Ethika Politika - Thomas Storck - published on 12/08/13

The fact that there is a need to clarify the points in the Pope's recent Apostolic Exhortation is testimony to the ignorance of most commentators on Catholic social teaching.

As was to be expected, in the sadly politicized state of American Catholicism, most commentators have concentrated on what the Holy Father said about the economy and economic policy.  Is Pope Francis a closet liberation theologian?  Or, on the other hand, did he learn from the loudly-trumpeted change of heart in favor of free-market economics that John Paul II is said to have experienced?

Though there is much that could be said about Evangelii Gaudium as a whole, and about the sections that deal with economics, I want to concentrate on one point only; that there is a need to do so highlights the profound ignorance of most of those who opine about the Church’s social doctrine as to what the popes in their social teaching have actually said.  When people can express surprise or alarm or feel the need to explain away various of Francis’ statements, a student of the social encyclicals is tempted to throw up his hands in frustration.  That more Catholics do not realize that Francis’ criticisms of market economics are actually very mild by historical standards is an example of that profound loss of Catholic memory that has afflicted the Church since Vatican II.  The radicalism of Catholic social teaching has been forgotten along with so much else of our heritage.  Even Pope Francis felt compelled to make this point, should “anyone feel offended by my words” (#208). As we will see by the tone of their statements, some of his predecessors did not have so much solicitude for the easily hurt feelings of the defenders of “the absolute autonomy of markets.”

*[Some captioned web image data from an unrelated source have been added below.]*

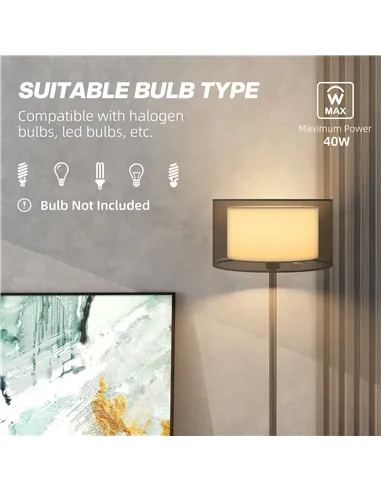 HOMCOM Floor Lamp for Living Room, Modern Standing Lamp with Double Layer Shade & Foot Switch, Minimalist Tall Pole Lampshade fo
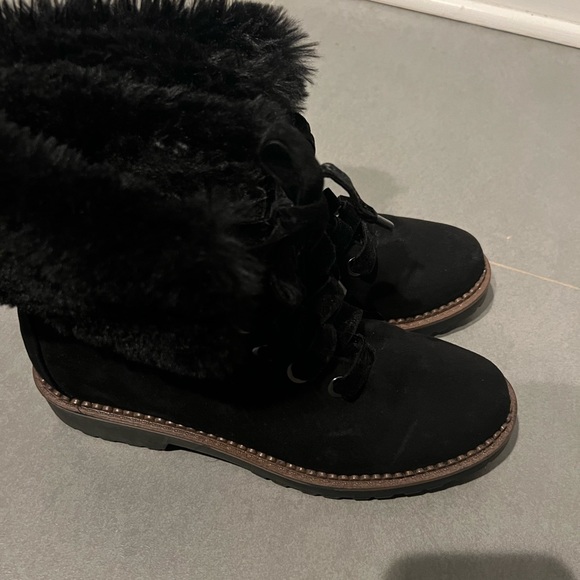 Esprit Shoes Esprit Black Tie Up Boots With Faux Fur Poshmark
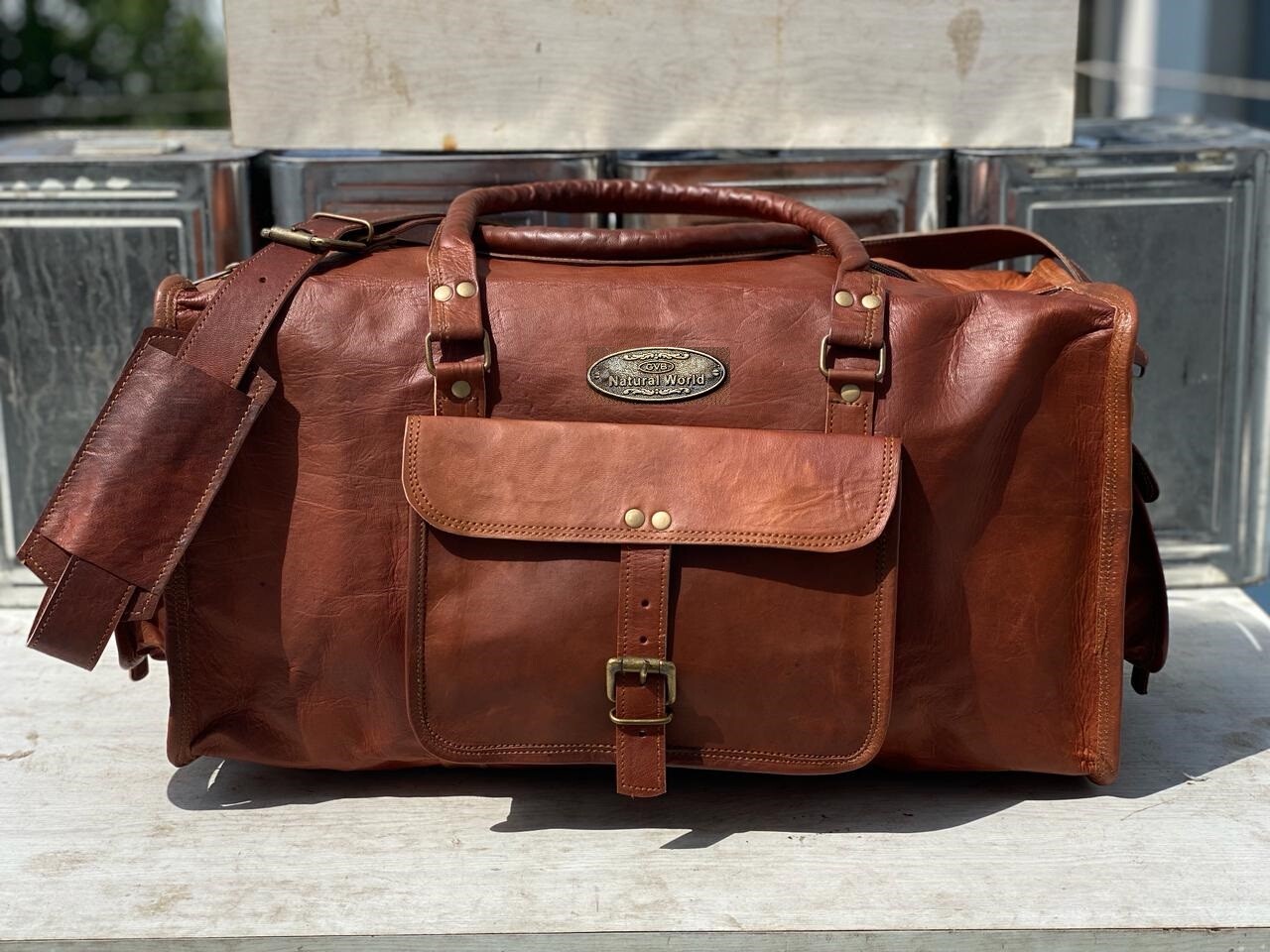 20" Y 25" Cuero Maleta Viaje Gimnasio Vintage Hombre Marrón Equipaje Fin Bolsa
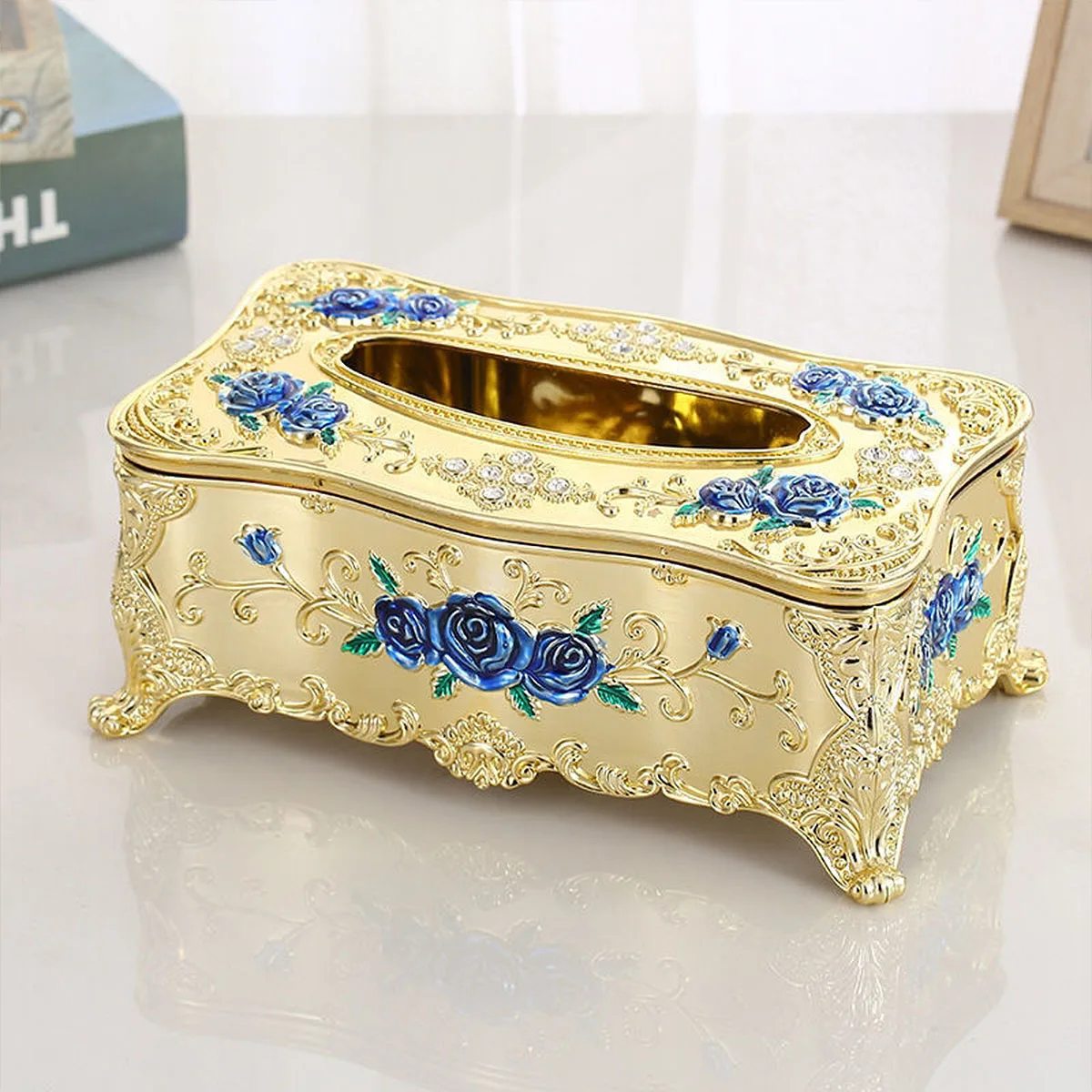 

Household European Style Tissue Box Napkin Plastic Rose Decor Holders for Tables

In order to highlight both the continuity of Francis’ teaching with that of earlier popes, as well as our present Holy Father’s comparative mildness of expression, I am going to set next to each other quotations from Evangelii Gaudium with those of earlier popes.  I hope it will be apparent that what Francis teaches is entirely in line with the teaching of his predecessors.


Pope Francis, Evangelii Gaudium, #53:

“Today everything comes under the laws of competition and the survival of the fittest, where the powerful feed upon the powerless.”


Leo XIII, Rerum Novarum, #3:

“Hence by degrees it has come to pass that Working Men have been given over, isolated and defenseless, to the callousness of employers and the greed of unrestrained competition.”


Leo XIII, Rerum Novarum, #47:

“On the one side there is the party which holds the power because it holds the wealth; which has in its grasp all labor and all trade; which manipulates for its own benefit and its own purposes all the sources of supply, and which is powerfully represented in the councils of the State itself. On the other side there is the needy and powerless multitude, sore and suffering, always ready for disturbance.”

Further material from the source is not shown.